Objectives: Probe-based confocal laser endomicroscopy (pCLE) is an imaging technique that allows real-time in vivo histological assessment of Barrett's esophagus (BE). The objectives of this study were to create and test novel pCLE criteria for dysplastic BE (phase I), and to evaluate accuracy, interobserver variability, and learning curve in dysplasia prediction (phase II) using these criteria.
Methods: In phase I, using 50 pCLE videos, a pCLE expert and gastrointestinal pathologist formulated new BE criteria by consensus. These criteria were tested and refined in an independent set of 30 pCLE videos. In phase II, a formal training session for all assessors (three each experts/trainees) was conducted. Finally, using 75 testing videos, each video was interpreted as dysplasia (high-grade dysplasia (HGD)/cancer) vs. no dysplasia and the assessors' confidence in interpretation was noted. Interobserver agreement and accuracy (95% confidence interval (CI)) were determined for BE histology prediction.
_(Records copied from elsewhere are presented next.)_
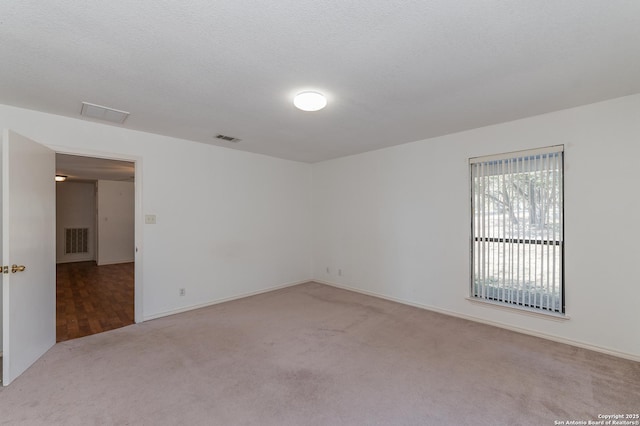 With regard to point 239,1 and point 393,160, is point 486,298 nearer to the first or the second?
point 393,160

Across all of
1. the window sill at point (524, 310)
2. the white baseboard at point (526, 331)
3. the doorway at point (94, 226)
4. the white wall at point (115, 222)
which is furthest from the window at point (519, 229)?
the white wall at point (115, 222)

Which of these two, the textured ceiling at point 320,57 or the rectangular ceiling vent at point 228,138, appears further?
the rectangular ceiling vent at point 228,138

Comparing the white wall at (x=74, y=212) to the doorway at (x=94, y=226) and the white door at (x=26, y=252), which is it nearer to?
the doorway at (x=94, y=226)

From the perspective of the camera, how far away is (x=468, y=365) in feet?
8.41

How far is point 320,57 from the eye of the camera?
6.53 feet

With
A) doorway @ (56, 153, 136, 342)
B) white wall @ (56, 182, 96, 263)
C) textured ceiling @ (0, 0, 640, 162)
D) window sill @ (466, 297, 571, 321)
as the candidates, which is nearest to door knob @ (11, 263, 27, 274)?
textured ceiling @ (0, 0, 640, 162)

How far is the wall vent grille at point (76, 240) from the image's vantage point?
8266 millimetres

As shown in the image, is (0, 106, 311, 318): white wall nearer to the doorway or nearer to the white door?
the white door

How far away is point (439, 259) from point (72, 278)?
7435 millimetres

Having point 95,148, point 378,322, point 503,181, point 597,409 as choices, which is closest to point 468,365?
point 597,409

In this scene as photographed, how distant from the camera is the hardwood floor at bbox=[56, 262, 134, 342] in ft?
11.6

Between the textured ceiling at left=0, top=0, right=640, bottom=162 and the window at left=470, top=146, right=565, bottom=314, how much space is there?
0.60m

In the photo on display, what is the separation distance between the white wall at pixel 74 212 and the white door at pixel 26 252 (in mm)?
6778

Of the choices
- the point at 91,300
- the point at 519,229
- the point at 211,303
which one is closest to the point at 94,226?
the point at 91,300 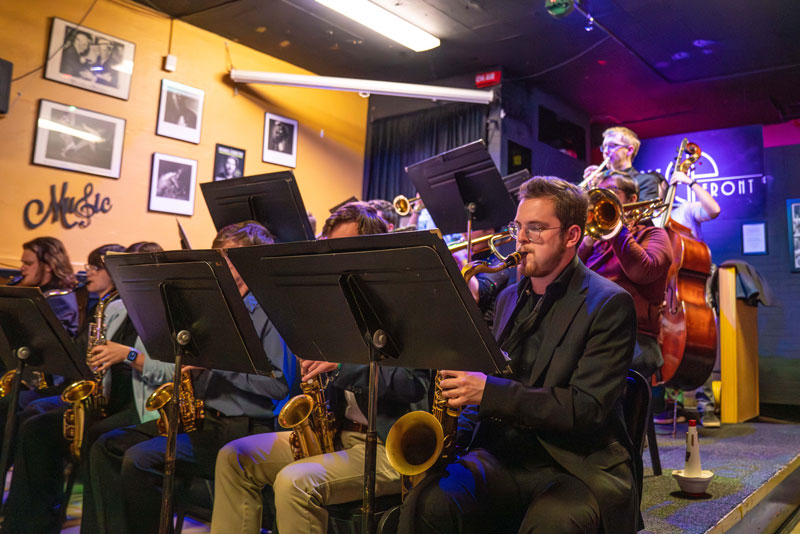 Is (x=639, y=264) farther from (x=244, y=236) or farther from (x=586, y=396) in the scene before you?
(x=244, y=236)

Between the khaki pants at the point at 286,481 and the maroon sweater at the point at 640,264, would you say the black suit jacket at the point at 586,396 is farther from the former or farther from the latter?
the maroon sweater at the point at 640,264

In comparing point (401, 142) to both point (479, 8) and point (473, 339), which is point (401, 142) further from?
point (473, 339)

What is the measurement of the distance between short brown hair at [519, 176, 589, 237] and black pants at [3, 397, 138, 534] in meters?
2.45

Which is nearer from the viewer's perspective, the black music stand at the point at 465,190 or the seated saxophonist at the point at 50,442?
the seated saxophonist at the point at 50,442

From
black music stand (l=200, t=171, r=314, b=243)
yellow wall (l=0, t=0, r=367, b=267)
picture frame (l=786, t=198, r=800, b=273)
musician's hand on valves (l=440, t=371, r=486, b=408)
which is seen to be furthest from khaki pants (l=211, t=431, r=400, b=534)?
picture frame (l=786, t=198, r=800, b=273)

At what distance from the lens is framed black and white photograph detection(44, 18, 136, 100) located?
5379 mm

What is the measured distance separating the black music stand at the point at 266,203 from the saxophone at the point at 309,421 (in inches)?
38.4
Results: Of multiple pCLE criteria tested (phase I), only those with ≥70% sensitivity or specificity were included in the final set: epithelial surface: saw-toothed; cells: enlarged; cells: pleomorphic; glands: not equidistant; glands: unequal in size and shape; goblet cells: not easily identified. Overall accuracy in diagnosing dysplasia was 81.5% (95% CI: 77.5-81), with no difference between experts vs. non-experts. Accuracy of prediction was significantly higher when endoscopists were "confident" about their diagnosis (98% (95-99) vs. 62% (54-70), P<0.001). Accuracy of dysplasia prediction for the first 30 videos was not different from the last 45 (93 vs. 81%, P=0.51). Overall agreement of the criteria was substantial, κ=0.61 (0.53-0.69), with no difference between experts and non-experts.
Conclusions: We demonstrate the development and validation of new pCLE criteria for the prediction of HGD/cancer in BE patients. Using these criteria, this study demonstrated that overall accuracy in predicting dysplasia was high with substantial interobserver agreement. After a structured teaching session, accuracy and agreement between experienced and non-experienced observers was not different, suggesting a short learning curve.